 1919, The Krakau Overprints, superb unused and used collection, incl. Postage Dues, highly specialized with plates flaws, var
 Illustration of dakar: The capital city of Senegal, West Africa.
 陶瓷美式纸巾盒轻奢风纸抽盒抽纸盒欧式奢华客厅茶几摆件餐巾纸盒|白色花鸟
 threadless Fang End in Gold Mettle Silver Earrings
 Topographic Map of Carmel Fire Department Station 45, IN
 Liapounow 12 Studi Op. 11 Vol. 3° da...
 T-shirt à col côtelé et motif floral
---
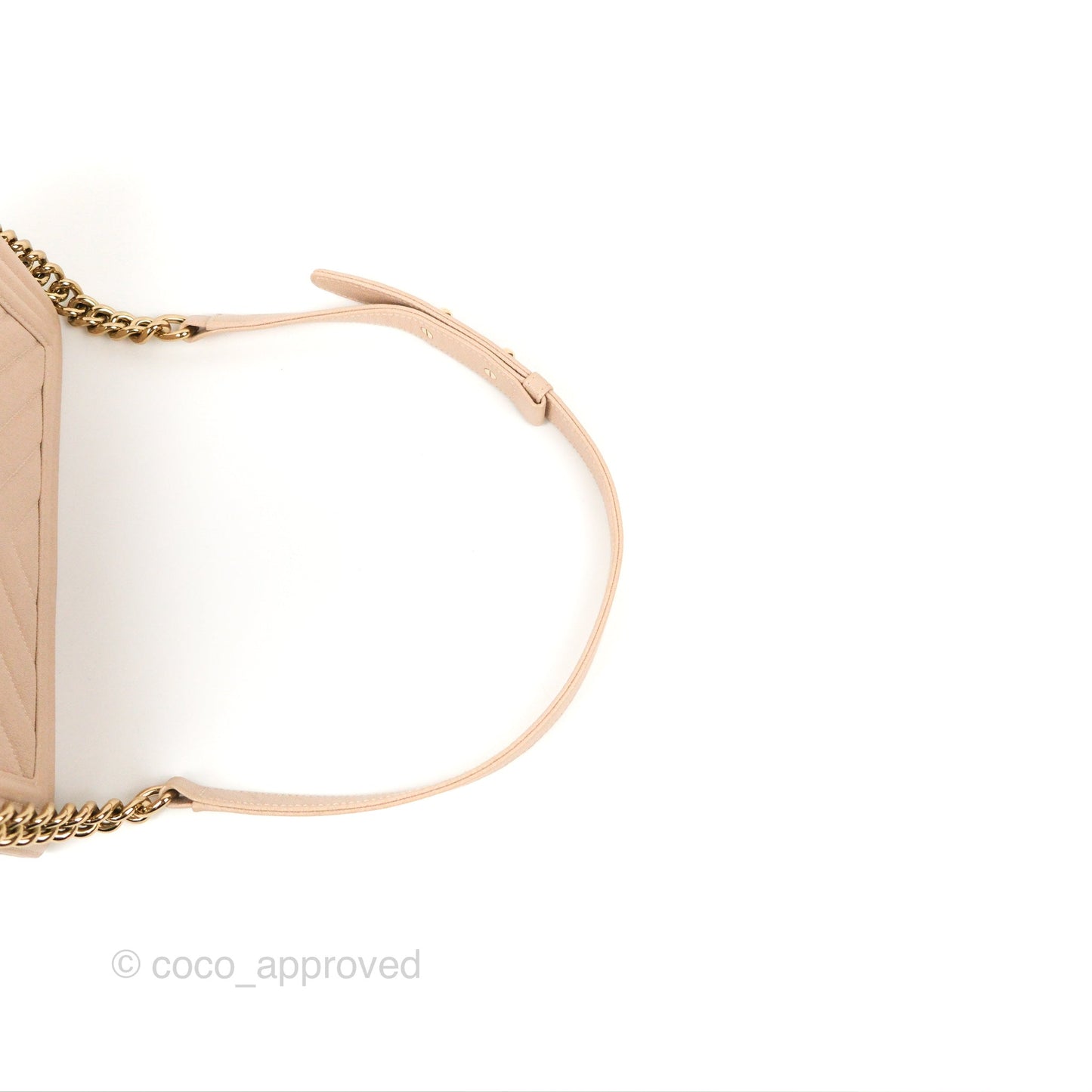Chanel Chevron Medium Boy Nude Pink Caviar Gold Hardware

## YOUR ASSIGNMENT
Among the entries above, locate the lines containing "1919, The Krakau" and "陶瓷美式纸巾盒轻奢风纸抽盒抽纸盒欧式奢华客厅茶几摆件餐巾纸盒|白色花鸟", and transcribe exactly those two lines and all lines between.

## EXERCISE OUTPUT
 1919, The Krakau Overprints, superb unused and used collection, incl. Postage Dues, highly specialized with plates flaws, var
 Illustration of dakar: The capital city of Senegal, West Africa.
 陶瓷美式纸巾盒轻奢风纸抽盒抽纸盒欧式奢华客厅茶几摆件餐巾纸盒|白色花鸟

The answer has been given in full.